DiCaprio bu soru karşısında keyifle gülümseyince bir oh çektik. Üzülen o değil, soruyu soran gazeteci oldu. DiCaprio, özel uçaklardan inmeyen diğer Hollywood yıldızlarının aksine, Cannes’a ticari bir hava yolunun tarifeli seferiyle gelmişti.
* En yakışıklı erkekler Cannes’daydı
Cannes’a bu yıl güzel kadınlar değil yakışıklı erkekler damgasını vurdu.
İlk günlerde My Blueberry Nights filminin başrol oyuncusu Jude Law vardı sahnede. Sonra Zodiac ekibinden Jake Gyllenhaal ve Mark Ruffalo geldi. Onların rüzgarı devam ederken, We Own the Night için Joaquin Phoenix ve yarışma dışı gösterilen belgesel 11. Saat için de Leonardo DiCaprio’yla konuştuk. Ama asıl fırtınayı koparan Ocean’s 13 filmi oldu. Brad Pitt, George Clooney ve Matt Damon yan yana ve tam karşımızdaydılar.
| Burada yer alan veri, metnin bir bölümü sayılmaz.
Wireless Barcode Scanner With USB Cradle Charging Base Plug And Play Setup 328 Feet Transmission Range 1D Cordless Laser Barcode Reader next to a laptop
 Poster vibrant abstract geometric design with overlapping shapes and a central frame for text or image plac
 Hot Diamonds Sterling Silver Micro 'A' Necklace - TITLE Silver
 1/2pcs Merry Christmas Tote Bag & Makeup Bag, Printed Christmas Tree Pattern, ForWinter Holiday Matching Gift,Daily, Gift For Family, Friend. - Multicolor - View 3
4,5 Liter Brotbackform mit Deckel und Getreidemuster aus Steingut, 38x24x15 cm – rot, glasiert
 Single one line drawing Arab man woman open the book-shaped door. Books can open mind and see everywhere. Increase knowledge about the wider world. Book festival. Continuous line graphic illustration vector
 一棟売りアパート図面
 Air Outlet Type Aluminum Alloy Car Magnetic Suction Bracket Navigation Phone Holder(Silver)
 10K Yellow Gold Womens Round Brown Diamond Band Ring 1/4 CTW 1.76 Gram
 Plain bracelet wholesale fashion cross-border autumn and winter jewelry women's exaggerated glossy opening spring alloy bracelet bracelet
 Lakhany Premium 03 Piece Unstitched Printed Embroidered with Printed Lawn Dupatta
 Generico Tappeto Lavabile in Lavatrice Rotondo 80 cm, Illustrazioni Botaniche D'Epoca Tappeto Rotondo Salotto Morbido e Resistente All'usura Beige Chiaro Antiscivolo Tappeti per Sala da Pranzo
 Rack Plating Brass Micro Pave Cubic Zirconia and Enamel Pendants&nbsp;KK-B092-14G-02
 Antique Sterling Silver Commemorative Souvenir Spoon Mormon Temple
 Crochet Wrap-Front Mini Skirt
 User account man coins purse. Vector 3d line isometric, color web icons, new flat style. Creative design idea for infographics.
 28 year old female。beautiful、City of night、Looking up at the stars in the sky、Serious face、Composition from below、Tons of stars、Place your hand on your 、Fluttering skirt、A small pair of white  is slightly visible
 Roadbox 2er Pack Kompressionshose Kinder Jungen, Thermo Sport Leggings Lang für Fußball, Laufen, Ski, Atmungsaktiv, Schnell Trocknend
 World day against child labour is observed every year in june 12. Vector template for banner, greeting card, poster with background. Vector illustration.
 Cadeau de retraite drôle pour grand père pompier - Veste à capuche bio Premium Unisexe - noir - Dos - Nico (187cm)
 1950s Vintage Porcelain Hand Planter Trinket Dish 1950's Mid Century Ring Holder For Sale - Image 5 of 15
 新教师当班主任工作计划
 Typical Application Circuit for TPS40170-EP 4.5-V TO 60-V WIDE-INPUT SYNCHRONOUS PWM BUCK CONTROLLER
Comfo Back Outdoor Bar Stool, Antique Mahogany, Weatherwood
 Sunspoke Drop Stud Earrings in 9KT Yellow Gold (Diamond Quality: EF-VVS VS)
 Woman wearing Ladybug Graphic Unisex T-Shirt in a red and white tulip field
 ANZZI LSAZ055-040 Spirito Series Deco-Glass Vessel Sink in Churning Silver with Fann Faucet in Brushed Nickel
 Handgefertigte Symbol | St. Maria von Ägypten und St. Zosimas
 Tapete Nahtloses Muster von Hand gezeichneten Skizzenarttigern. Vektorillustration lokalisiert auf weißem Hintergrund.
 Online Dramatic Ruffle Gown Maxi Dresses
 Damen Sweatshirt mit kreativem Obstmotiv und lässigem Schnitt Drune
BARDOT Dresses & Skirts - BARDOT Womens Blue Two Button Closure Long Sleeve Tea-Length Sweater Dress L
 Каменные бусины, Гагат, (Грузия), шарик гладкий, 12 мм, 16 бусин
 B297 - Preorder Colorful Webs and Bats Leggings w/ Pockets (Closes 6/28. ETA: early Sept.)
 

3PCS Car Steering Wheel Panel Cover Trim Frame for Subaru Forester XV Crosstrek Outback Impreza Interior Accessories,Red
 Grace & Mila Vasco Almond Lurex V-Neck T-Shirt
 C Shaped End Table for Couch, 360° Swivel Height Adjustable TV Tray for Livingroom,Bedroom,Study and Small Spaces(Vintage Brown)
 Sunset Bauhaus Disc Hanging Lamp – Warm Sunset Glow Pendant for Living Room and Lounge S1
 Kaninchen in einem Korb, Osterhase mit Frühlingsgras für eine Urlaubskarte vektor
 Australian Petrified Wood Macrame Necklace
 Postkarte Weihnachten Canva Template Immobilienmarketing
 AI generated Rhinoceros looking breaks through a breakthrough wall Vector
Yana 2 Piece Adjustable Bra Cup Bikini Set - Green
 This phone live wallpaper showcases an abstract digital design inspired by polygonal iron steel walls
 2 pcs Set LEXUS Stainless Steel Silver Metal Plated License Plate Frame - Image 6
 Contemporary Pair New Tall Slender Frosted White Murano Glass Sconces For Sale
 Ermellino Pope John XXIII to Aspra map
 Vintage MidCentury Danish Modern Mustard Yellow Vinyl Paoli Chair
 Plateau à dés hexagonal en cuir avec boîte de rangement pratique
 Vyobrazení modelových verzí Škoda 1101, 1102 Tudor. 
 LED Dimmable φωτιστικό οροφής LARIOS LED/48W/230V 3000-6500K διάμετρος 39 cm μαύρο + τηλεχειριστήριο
Cannes’ın 60. yılının en keyifli basın toplantısının Ocean’s 13’e ait olduğunu tahmin etmişsinizdir herhalde.
* Polanski’nin öfkesi
Cannes’da yoğun program nedeniyle kaçırdığım bir basın toplantısı var ki, yankıları günlerce sürdü. Roman Polanski toplantıda gelen sorulardan tatmin olmamış ve “Sizin bu boş sorularınızı cevaplayacağıma gider yemek yerim daha iyi” diyerek çekip gitmiş toplantıdan. Soruları beğenilmediği için azar işitmiş, aşağılanmış, terk edilmiş olan meslektaşlarım da arkasından bakakalmışlar.
* Cannes’da herkes garson
Son sözde festivali özetleyelim.
Cannes’da filmler, partiler eğlenceli tabii ama yoğun gündemin yarattığı yorgunluk ve stresten söz etmeden de olmaz.
Tüm gün koşturur ama asla her şeye yetişemezsiniz.
Bu yorgunluk sırf bize mahsus değil tabii; festival yöneticileri, jüri üyeleri, film şirketi sahipleri, yapımcılar, yönetmenler, oyuncular, kısacası festivale katılan herkes çok yorulur ama yine de bu şölenin parçası olmaktan mutluluk duyar.
İşte bu nedenle Cannes Film Festivali’ni şu klasik cümle çok iyi özetliyor diye düşünüyorum:
“Cannes, herkesin garson olduğu bir ziyafettir!”